Your living space is a representation of your life and mind. In the simplest of explanations, tidying one’s clutter declutters one’s mind. Your possessions, your living space should create an environment that elicits and cultivates your passions and dreams (of the heart and mind). You cannot be at your best if you live a physically cluttered life. It is necessary to harmonise your living space to the lifestyle which you would like to have (regardless of if you do currently).
Keep what you love and throw away the rest. There is no benefit of holding on to objects that no longer spark joy in your heart, for this just leads to living an uninspired life out of fear and uncertainty. Throwing belongings that you no longer love allows for the resolution of any personal underlying issues you may or may not be aware of, and creates space for new to enter your life. Qualities of assertiveness, certainty and confidence are cultivated within you. This may sound an exaggerated and ambitious return for something so trivial but remarkably; small changes can transcend and permeate our whole being and grow us.
The process of tidying itself, as brilliantly outlined in Kon Mari’s The Magic of Tidying Up, is of paramount importance. The book teaches several techniques to tidy, some of which will resonate with you and others that may not.
Mari also makes an interesting point that tidying is different from cleaning – removing dirt from things and re-arranging – which is what most of us do when we say we’re tidying. Re-arranging isn’t the same as tidying – throwing things we don’t need, things that we don’t love. It is simply placing objects in different locations or in storage in attempts to make our living spaces look more presentable – usually what happens when we have guests coming over!

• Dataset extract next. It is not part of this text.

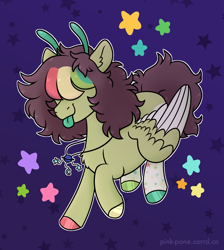 Size: 1299x1450 | Tagged: safe, artist:pink-pone, oc, oc:bugsy, pegasus, pony, antennae, female, mare, solo, tongue out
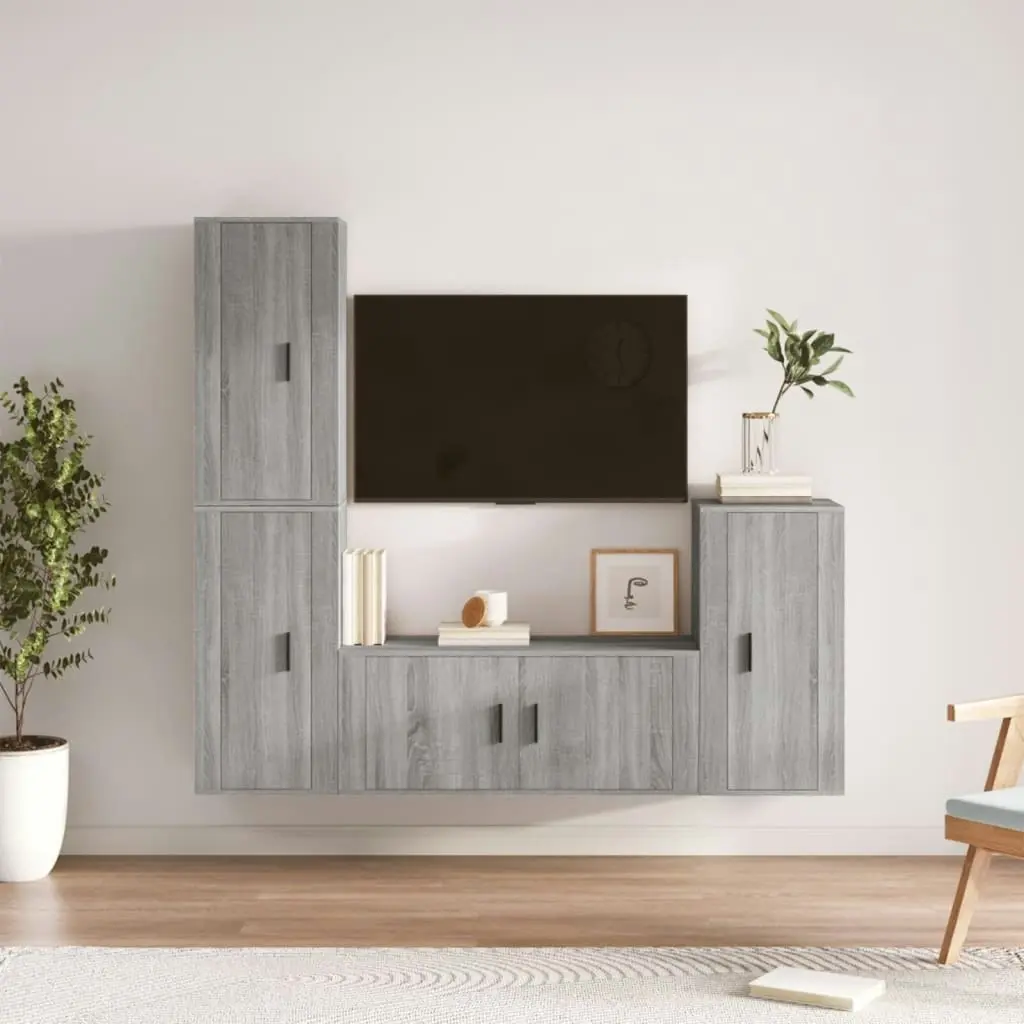 4 Piece TV Cabinet Set Grey Sonoma Engineered Wood 3188596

Contrary to popular belief, tidying need not be a chore but only to be done once and even something to enjoy! Once you’ve tidied, you’ll never have to tidy again, you’ll only put things back in their rightful place and your house will never become cluttered again if you tidy properly! This may sound like wishful thinking, unattainable and unpractical but the book makes sure to comprehensively explain the concepts, the mindset and the deeper meaning behind tidying. So you are able to first appreciate and understand why the method works. After reading, you’ll understand how it is quite possible to declutter your life and mind, and you’ll never have to tidy in your life again! You just need to have an open mind and be willing to try.
Tidying is an art, a form of self-refinement and expression. If you tidy with the intention of sparking joy, your life will spark joy.